Other risk factors include:
- Your sex. Women seem to have a higher risk of developing alcoholic hepatitis possibly because of differences in the way alcohol is processed in women.
- Obesity. Heavy drinkers who are overweight might be likelier to develop alcoholic hepatitis and to progress from that condition to cirrhosis.
- Genetic factors. Studies suggest there may be a genetic component in alcohol-induced liver disease although it’s difficult to separate genetic and environmental factors.
- Race and ethnicity. Although it’s difficult o separate genetic and environmental factors, African-Americans and Hispanics might be at higher risk of alcoholic hepatitis.
- Binge drinking. Consuming five or more drinks at one time might increase your risk of alcoholic hepatitis.
Complications of alcoholic hepatitis include:
- High blood pressure in the liver. Scar tissue can slow the flow of blood through your liver, causing an increase in pressure in a major blood vessel (portal vein).
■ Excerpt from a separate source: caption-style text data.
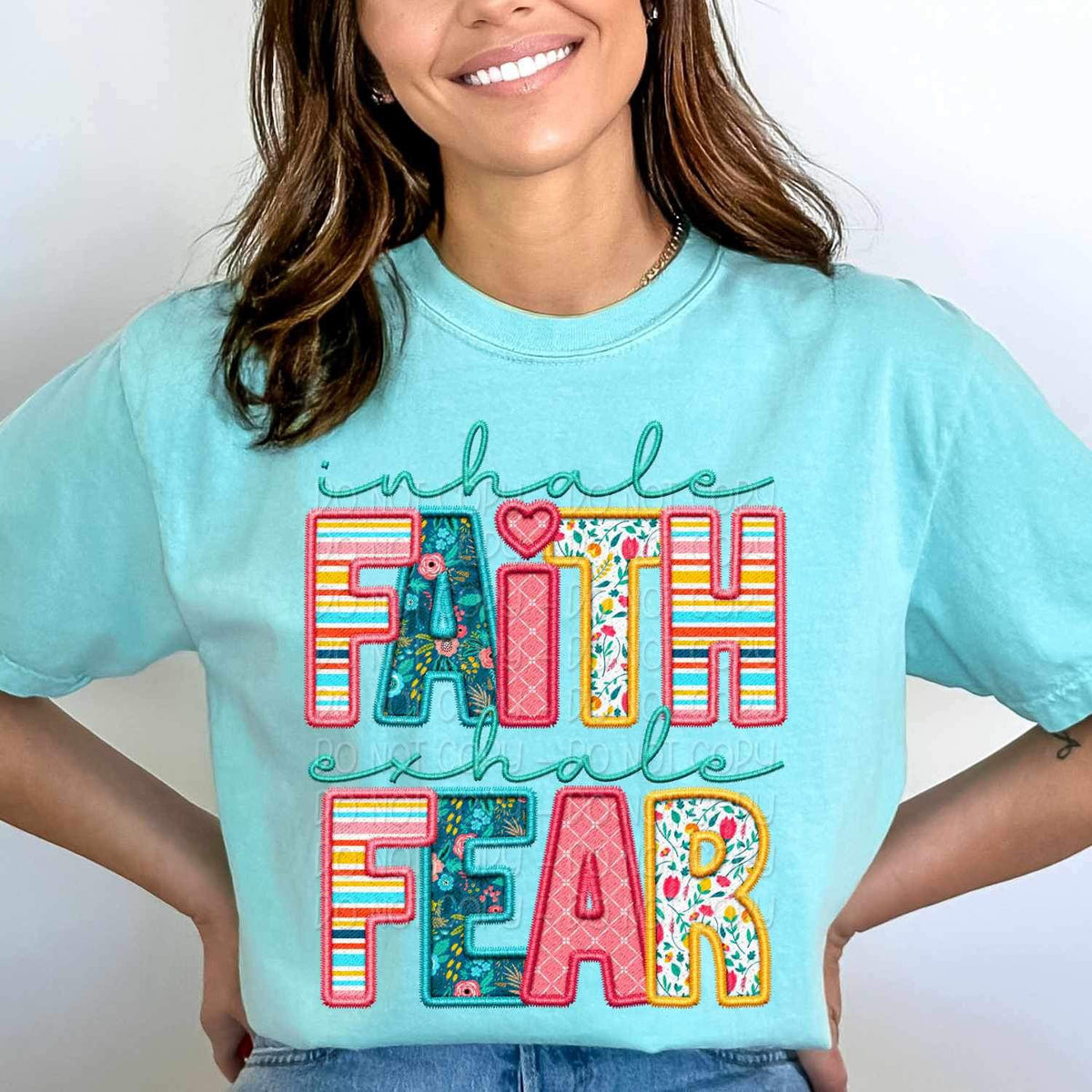 Inhale faith exhale fear spring pattern 24193 DTF transfer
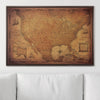 Push Pin USA Map Pin Board - Golden Aged - Pins Included! - Liza Pruitt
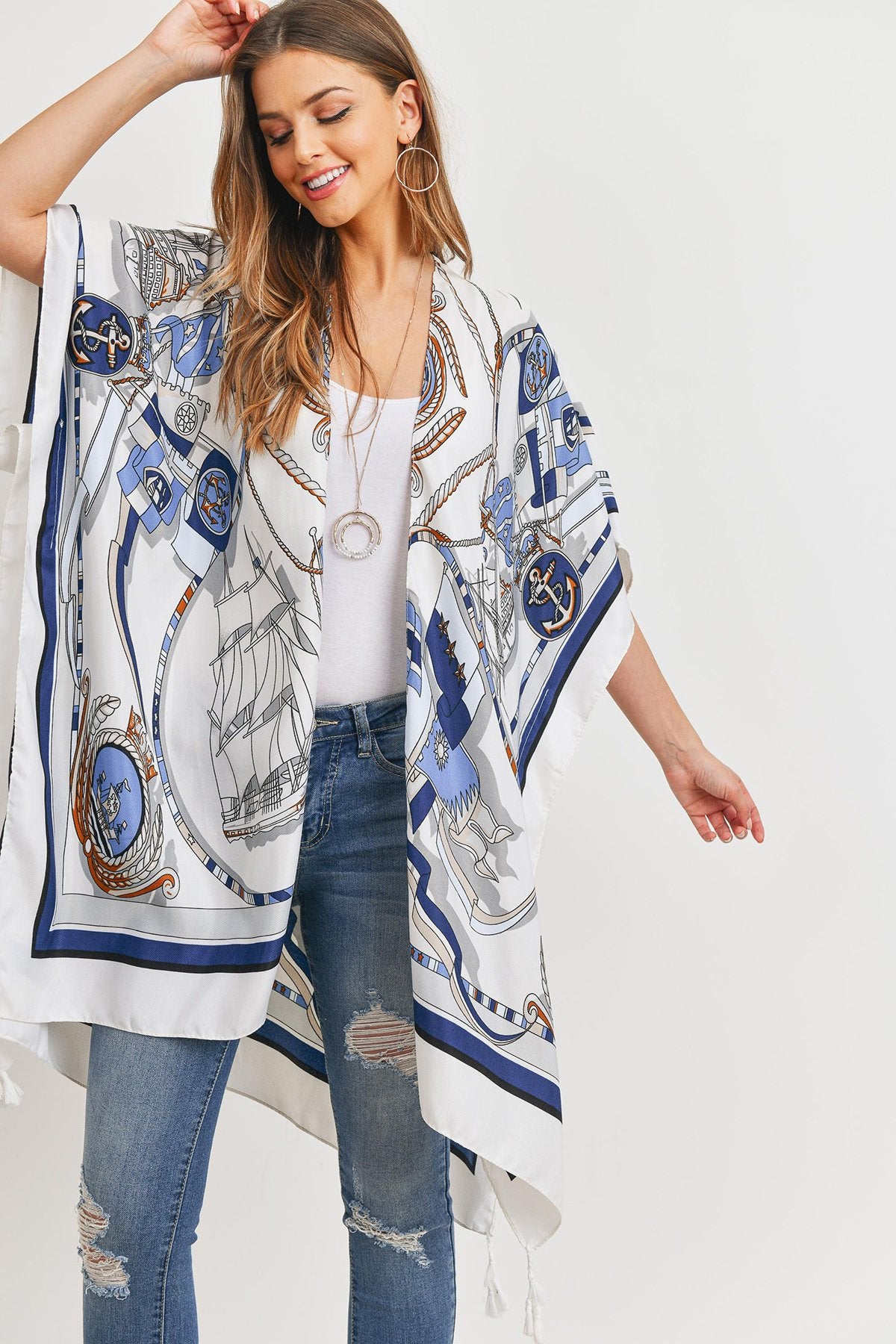 Sailors Inspired Pattern Open Front Kimono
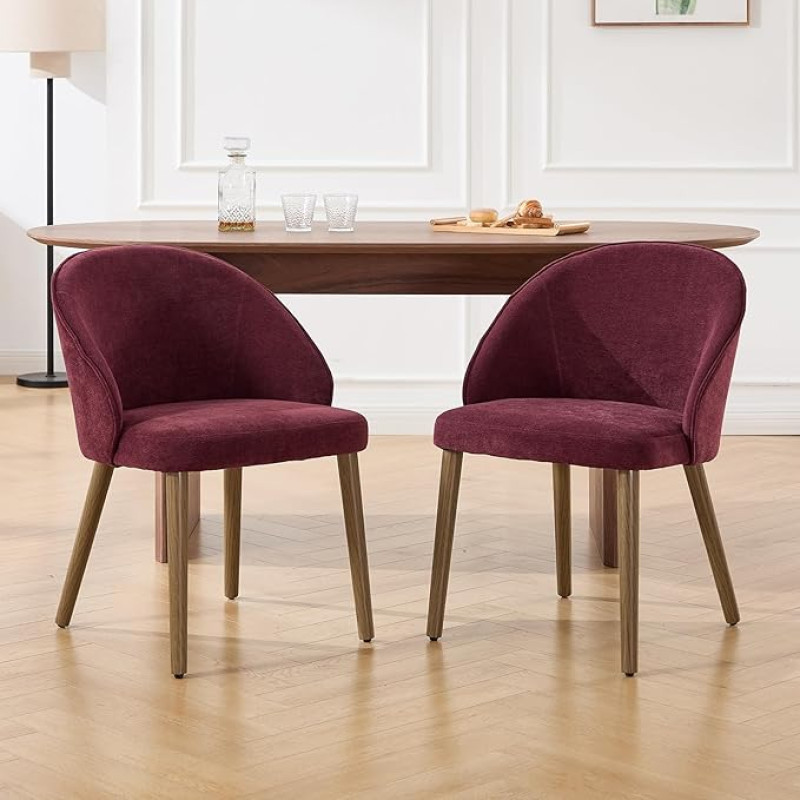 DAYALANE Valgomojo kėdės, 2 komplektai, virtuvės kėdės, minkštos kėdės su medinėmis šenilinėmis kojomis, valgomojo, svetainės, virtuvės, miegamojo kėdės, bordo spalvos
- Enlarged veins (varices). Blood that can’t flow freely through the portal vein can back up into other blood vessels in the stomach and esophagus. These blood vessels have thin walls and are likely to bleed if filled with too much blood. Heavy bleeding in the upper stomach or esophagus is life-threatening and requires immediate medical care.
- Ascites. Fluid that accumulates in the abdomen might become infected and require treatment with antibiotics. Ascites aren’t life-threatening but are usually a sign of advanced alcoholic hepatitis or cirrhosis.
- Jaundice. A damaged liver can’t remove the residue of old red blood cells (bilirubin) from your blood. Bilirubin builds up and is deposited in your skin and the whites of your eyes, causing a yellow color.
- Confusion, drowsiness and slurred speech (hepatic encephalopathy). A damaged liver has trouble removing toxins from your body. The buildup of toxins can damage your brain. Severe hepatic encephalopathy can result in coma.
- Cirrhosis. This irreversible scarring of the liver frequently leads to liver failure.
- Kidney failure. A damaged liver can affect blood flow to the kidneys, resulting in damage to those organs.
You might reduce your risk of alcoholic hepatitis if you:
- Drink alcohol in moderation, if at all. For healthy adults, moderate drinking means up to one drink a day for women and up to two drinks a day for men. The only certain way to prevent alcoholic hepatitis is to avoid all alcohol.
- Protect yourself from hepatitis C. Hepatitis C is an infectious liver disease caused by a virus. Untreated, it can lead to cirrhosis. If you have hepatitis C and drink alcohol, you’re far more likely to develop cirrhosis than is someone who doesn’t drink.
- Check before mixing medications and alcohol. Ask your doctor if it’s safe to drink alcohol when taking your prescription medications. Read the warning labels on over-the-counter medications. Don’t drink alcohol when taking medications that warn of complications when combined with alcohol — especially pain relievers such as acetaminophen (Tylenol, others).